Amazon’s new grassroots delivery network could sidestep UPS, Postal Service


Amazon is looking for entrepreneurs to help build out its delivery service with tens of thousands of new drivers across the U.S. The expansion of its Delivery Service Partners program, which would let small business owners build their own company with up to 40 delivery vehicles, is the latest move by the online retailer to shake up the traditional logistics ecosystem with the aim of speeding up delivery times. Potentially, hundreds of new small-business entrepreneurs could help the company expand its delivery system enough to end reliance on traditional last-mile shippers such as UPS, FedEx and the U.S. Postal Service. Amazon (AMZN) shares were up 2% Thursday, while shares of UPS (UPS)  lost 2% and FedEx (FDX) was down 1%. As part of the plan, announced Thursday, the new small delivery businesses can get training from Amazon and make use of its logistics technology. Businesses will also be able to get discounts on vehicles, uniforms, fuel and insurance. Military veterans can apply for $10,000 to reimburse startup costs. More: Amazon is testing its own delivery service. If it succeeds, expect a price war “Customer demand is higher than ever, and we have a need to build more capacity,” Dave Clark, Amazon’s senior vice president of worldwide operations, said in a statement announcing the project. “We are going to empower new, small businesses to form in order to take advantage of the growing opportunity in e-commerce package delivery.”

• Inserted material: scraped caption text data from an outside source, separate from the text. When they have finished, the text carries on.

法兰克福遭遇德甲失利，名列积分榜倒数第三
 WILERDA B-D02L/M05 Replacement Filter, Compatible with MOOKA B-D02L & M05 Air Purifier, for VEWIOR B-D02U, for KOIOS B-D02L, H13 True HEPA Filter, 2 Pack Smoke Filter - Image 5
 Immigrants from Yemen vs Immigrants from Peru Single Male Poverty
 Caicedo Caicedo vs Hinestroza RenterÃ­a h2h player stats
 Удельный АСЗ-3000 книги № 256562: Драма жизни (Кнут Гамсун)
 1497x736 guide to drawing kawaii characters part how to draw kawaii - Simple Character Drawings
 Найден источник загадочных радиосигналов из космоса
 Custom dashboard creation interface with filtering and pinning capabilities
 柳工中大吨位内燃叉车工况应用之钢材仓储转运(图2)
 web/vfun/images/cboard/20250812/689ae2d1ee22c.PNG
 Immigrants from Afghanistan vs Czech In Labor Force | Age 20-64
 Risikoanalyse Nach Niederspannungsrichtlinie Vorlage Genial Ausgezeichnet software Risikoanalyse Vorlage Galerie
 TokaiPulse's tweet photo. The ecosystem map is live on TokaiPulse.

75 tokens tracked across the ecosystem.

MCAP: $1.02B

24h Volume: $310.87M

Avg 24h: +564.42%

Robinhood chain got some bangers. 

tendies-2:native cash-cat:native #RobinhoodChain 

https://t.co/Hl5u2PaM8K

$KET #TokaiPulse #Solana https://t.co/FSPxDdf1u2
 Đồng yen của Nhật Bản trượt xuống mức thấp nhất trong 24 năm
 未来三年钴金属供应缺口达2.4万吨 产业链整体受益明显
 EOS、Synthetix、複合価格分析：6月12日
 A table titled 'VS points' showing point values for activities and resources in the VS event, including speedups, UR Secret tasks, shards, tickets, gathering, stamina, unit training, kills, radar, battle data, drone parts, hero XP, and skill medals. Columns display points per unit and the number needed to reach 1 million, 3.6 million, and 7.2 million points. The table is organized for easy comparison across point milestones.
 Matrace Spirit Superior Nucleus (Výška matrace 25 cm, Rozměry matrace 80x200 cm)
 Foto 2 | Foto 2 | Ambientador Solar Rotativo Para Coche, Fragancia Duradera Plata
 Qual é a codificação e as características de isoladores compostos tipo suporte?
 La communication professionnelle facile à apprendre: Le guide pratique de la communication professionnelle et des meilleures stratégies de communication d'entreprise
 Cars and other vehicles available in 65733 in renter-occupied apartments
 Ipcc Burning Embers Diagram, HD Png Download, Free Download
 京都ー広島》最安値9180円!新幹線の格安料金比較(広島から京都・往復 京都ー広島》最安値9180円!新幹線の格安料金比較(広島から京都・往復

This initiative comes after President Donald Trump in recent months has criticized Amazon for getting the U.S. Postal Service to deliver Amazon packages at bargain prices. He formed a task force to study the Postal Service’s finances and operations. A few weeks before, Trump reiterated concerns he had voiced about Amazon before his election. “They pay little or no taxes to state & local governments, use our Postal System as their Delivery Boy (causing tremendous loss to the U.S.), and are putting many thousands of retailers out of business!” he tweeted. Amazon has been slowly building out its own delivery system over the past few years as a way to better control its logistics chain.  Two years ago, Amazon launched its own Prime Air air freight delivery service. The company has been growing its fleet of delivery providers, small contractors with as few as 10 white Amazon vans. Also helping expand its reach: Amazon Flex drivers who use their own vehicles to deliver packages. Former Flex driver OlaoluwaAbimbola, who participated in Amazon’s testing of the new small delivery business initiative, has grown his own delivery company with more than 40 employees in five months. “I had prior experience running my own business but not in logistics,” said Abimbola, who participated in a media event Wednesday in Seattle and whose statements were included in Amazon’s announcement of the project. “It’s encouraging to know that any driven individual can use Amazon’s support and the Delivery Service Partner community to build a successful, thriving business.” Amazon has also been planning another initiative in which it would send Amazon trucks to third-party sellers’ warehouses and take pallets of goods to Amazon fulfillment centers. That would remove the burden from those sellers shipping goods to Amazon themselves. The company has also very publicly made it known that drones play a part in its potential last-mile delivery solutions. In March, the company patented a drone system allowing the vehicle to react when someone waves their hands or shouts.